Work to be completed ▸ A verbatim copy of all the data is required; the pictures should not appear in it.
(Listed records begins)
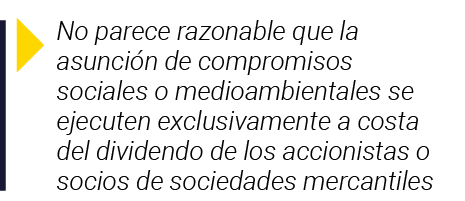  No parece razonable que la asunción de compromisos sociales o medioambientales se ejecuten exclusivamente a costa de   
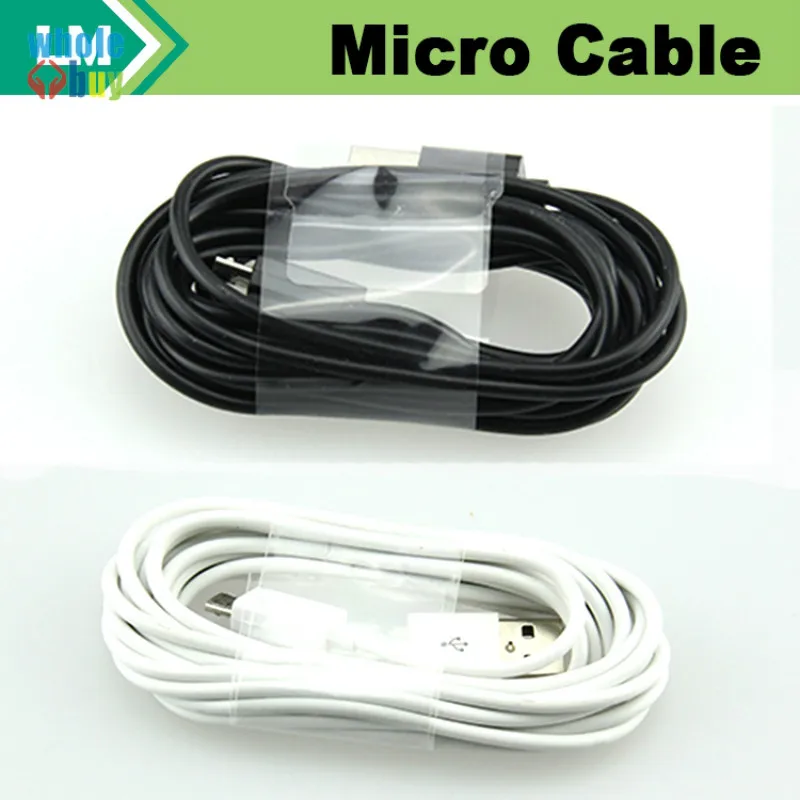 100 шт./лот 1 м 3 фута Белый Черный Круглый V8 Micro Usb Data Snyc зарядный кабель для Samsung S2 S3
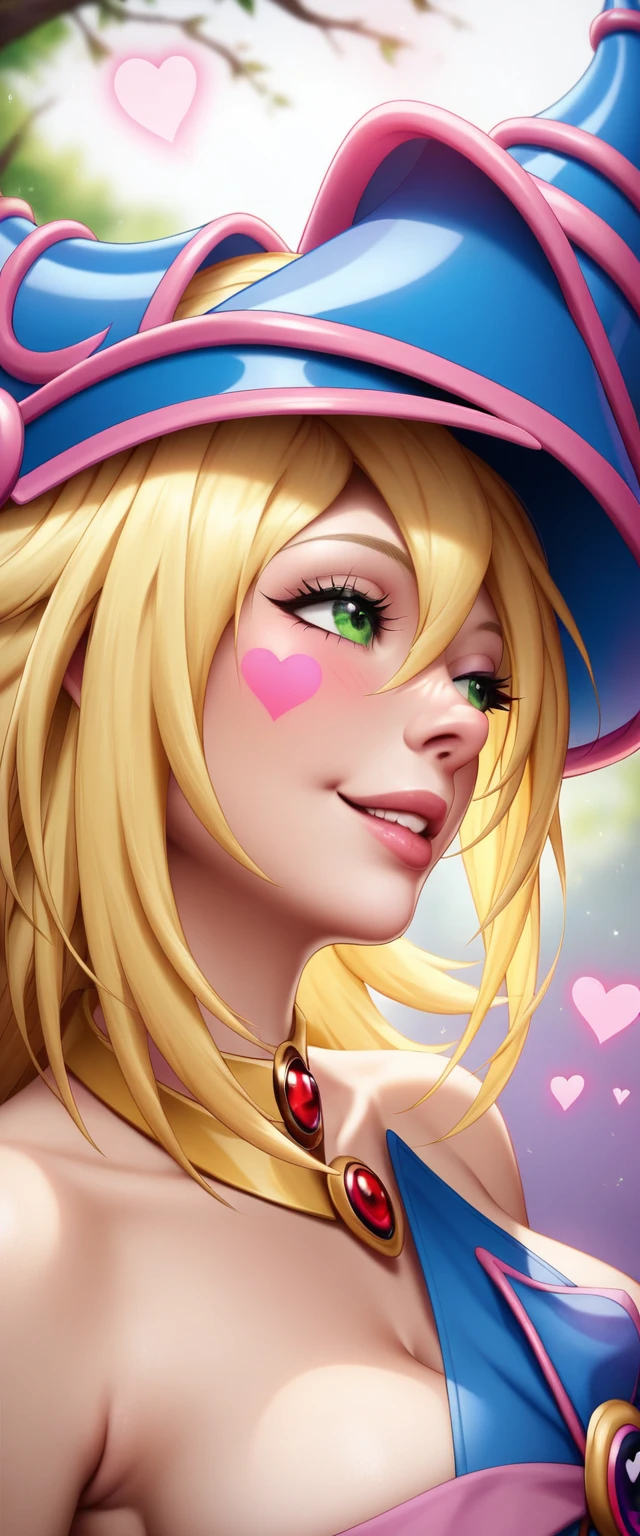 Dark Magician Girl NSFW, Glass Covered, Upper Body, Side Shot, Alternate Color, Masterpiece, Detailed Illustration, Realistic, Pixiv Top Quality, Exquisite, {{{Cute Dark Magician Girl 1}}}, Super Beauty Merging with machine, crafted shabby chic pattern, beautiful and shiny woman, half of my body is made of machine, transparent glass body, the machine inside is transparent, cinematic lighting, dynamic angle, dynamic pose, land of dragons, depth of field. Magic macaw at the bottom. Magic hearts showing your VOLUPTUOUS body, medium TITS, BEAUTIFUL, SENSUAL, BLUSHING from head to toe, WALK THROUGH a forest looking for adventure, smile sexy, blonde hair INTERACTING WITH green neon MAGIC
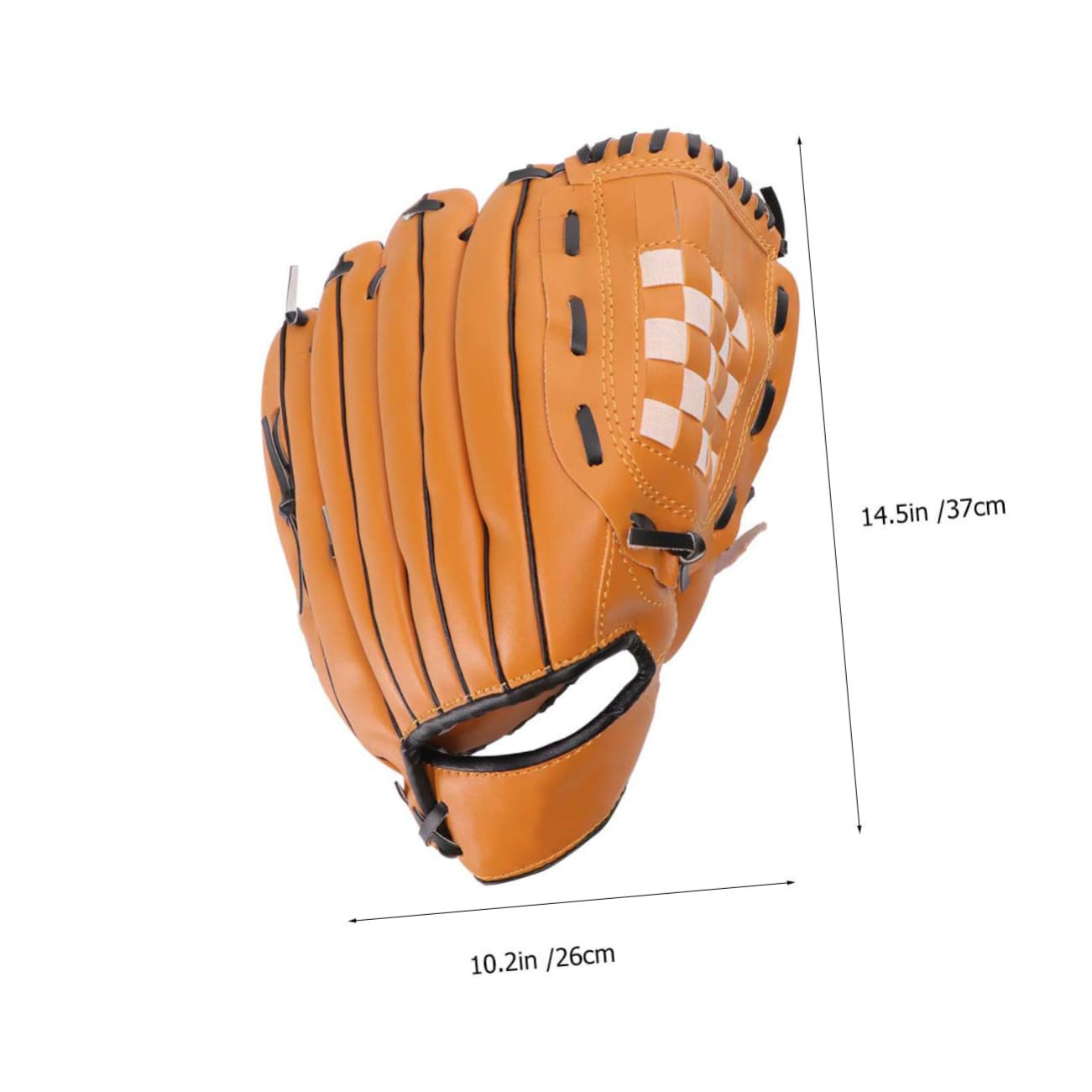 HOLIDYOYO Yellow Left Hand Baseball Glove for Outdoor Softball Sports Durable Material with Cushioned Palm Pad and Strap for Team Training and Games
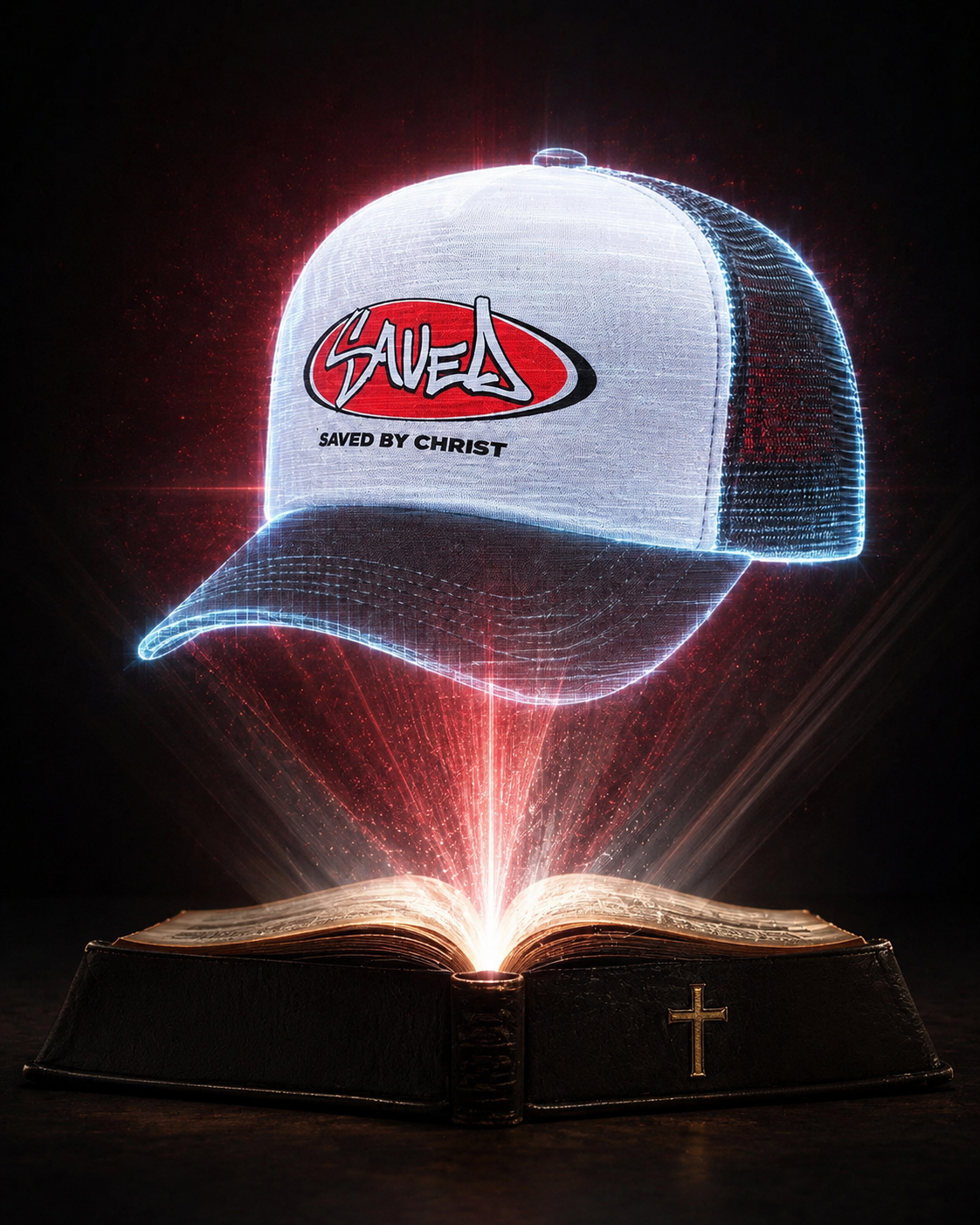 Saved by Christ Faith Trucker Hat – Black & White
(Listed records ends)
Expected output ▸
  No parece razonable que la asunción de compromisos sociales o medioambientales se ejecuten exclusivamente a costa de   
 100 шт./лот 1 м 3 фута Белый Черный Круглый V8 Micro Usb Data Snyc зарядный кабель для Samsung S2 S3
 Dark Magician Girl NSFW, Glass Covered, Upper Body, Side Shot, Alternate Color, Masterpiece, Detailed Illustration, Realistic, Pixiv Top Quality, Exquisite, {{{Cute Dark Magician Girl 1}}}, Super Beauty Merging with machine, crafted shabby chic pattern, beautiful and shiny woman, half of my body is made of machine, transparent glass body, the machine inside is transparent, cinematic lighting, dynamic angle, dynamic pose, land of dragons, depth of field. Magic macaw at the bottom. Magic hearts showing your VOLUPTUOUS body, medium TITS, BEAUTIFUL, SENSUAL, BLUSHING from head to toe, WALK THROUGH a forest looking for adventure, smile sexy, blonde hair INTERACTING WITH green neon MAGIC
 HOLIDYOYO Yellow Left Hand Baseball Glove for Outdoor Softball Sports Durable Material with Cushioned Palm Pad and Strap for Team Training and Games
 Saved by Christ Faith Trucker Hat – Black & White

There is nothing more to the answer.